СашБаш пытался всё дальше выйти через постижение сущности языка куда-то за пределы человеческого восприятия. Может быть, от этого и надорвался. Вообще искусство, творчество (настоящее, а не как хобби или создание себе «креативного» имиджа в соцсетях) – штука очень опасная. Не просто так Гумилёв предупреждал: «Бродят бешеные волки по дорогам скрипачей». Или взять Высоцкого: «Поэты ходят пятками по лезвию ножа и режут в кровь свои босые души». О том же самом – башлачёвская «На жизнь поэтов»:
Поэт умывает слова,
возводя их в приметы,
Подняв свои полные вёдра
внимательных глаз.
Несчастная жизнь!
Она до смерти любит поэта.
И за семерых отмеряет.
И режет – эх, раз, ещё раз!..
Пусть не ко двору
эти ангелы чернорабочие.
Прорвётся к перу то,
что долго рубить и рубить топорам.
Поэты в миру после строк
ставят знак кровоточия.
К ним Бог на порог.
Но они верно имут свой срам.
Есть также хорошее сравнение поэтов с «медвежатниками» – так в преступной среде назывались «специалисты» по сейфам. Они срезали на пальцах кожу до мяса, чтобы ощущать едва уловимый щелчок, который издаёт механизм сейфа при нужном повороте замка. Вот и поэты словно рождаются с такой «срезанной кожей». И чем больше талант, тем он обнажённей.
– Башлачёв погиб в двадцать семь, из-за чего его имя включают в так называемый «Клуб 27», представленный Джимом Моррисоном (Doors), Куртом Кобейном (Nirvana), Брайаном Джонсом (The Rolling Stones), Джими Хендриксом… Этот «клуб» порой сопровождается нездоровым культом, романтизирующим суицид. Никакой романтики в суициде нет, и очень жаль, что Башлачёв не попробовал для себя иной выход – монашество.

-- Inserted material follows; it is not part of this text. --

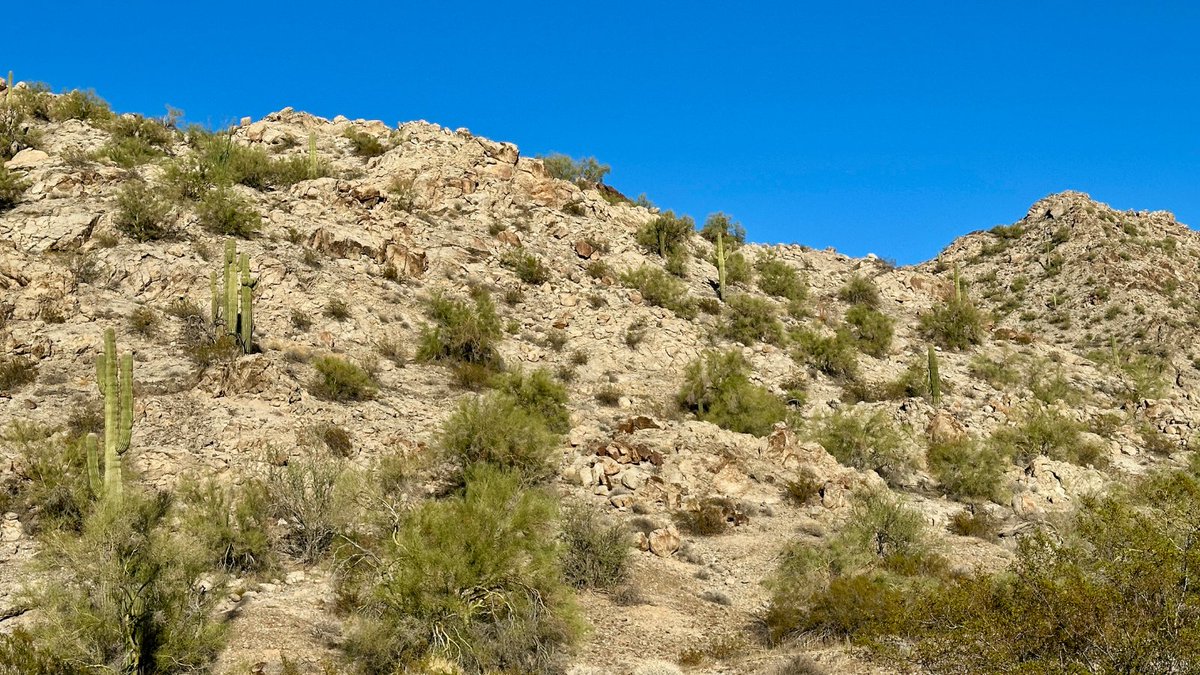 ASU_SGSUP's tweet image. Meet DeVona Saiter — #SGSUP planning alumna, community leader, and proud resident of Wenden, AZ working to preserve her hometown’s heritage. 🌵
From flooding to groundwater issues, learn how Saiter is helping to shape a resilient future for this rural community:…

– Рискну предположить, что если бы СашБаш нашёл в себе силы пойти по духовной линии, он бы стал святым. Взгляните внимательно на его лицо. Порой смотришь на физиономию какого-нибудь художника (а я их немало видел не только на фото, но и в жизни) – и понимаешь: вот этот – себялюбец, всё должно быть, как он скажет. Вот этот – сластолюбец. Этот – тщеславен невероятно. И так далее. Как говорится, на лице написано. А когда смотришь на лицо Башлачёва, ничего подобного не находишь. И это вовсе не дежурный комплимент, такое далеко не всегда хочется сказать про художника. Более того, часто хочется даже отделить прекрасное творчество автора от его неоднозначной личности. В общем, таких лиц, как у СашБаша, практически не бывает. Видно, что это лицо очень чистого и светлого человека.
– Чистый и светлый человек совершил суицид?
– Да, чистый и светлый… Но недостаточно сильный духовно. Талант, или даже гениальность, и духовная сила – это не одно и то же.
* Борис Гребенщиков, признан в РФ физлицом, выполняющим функции иноагента.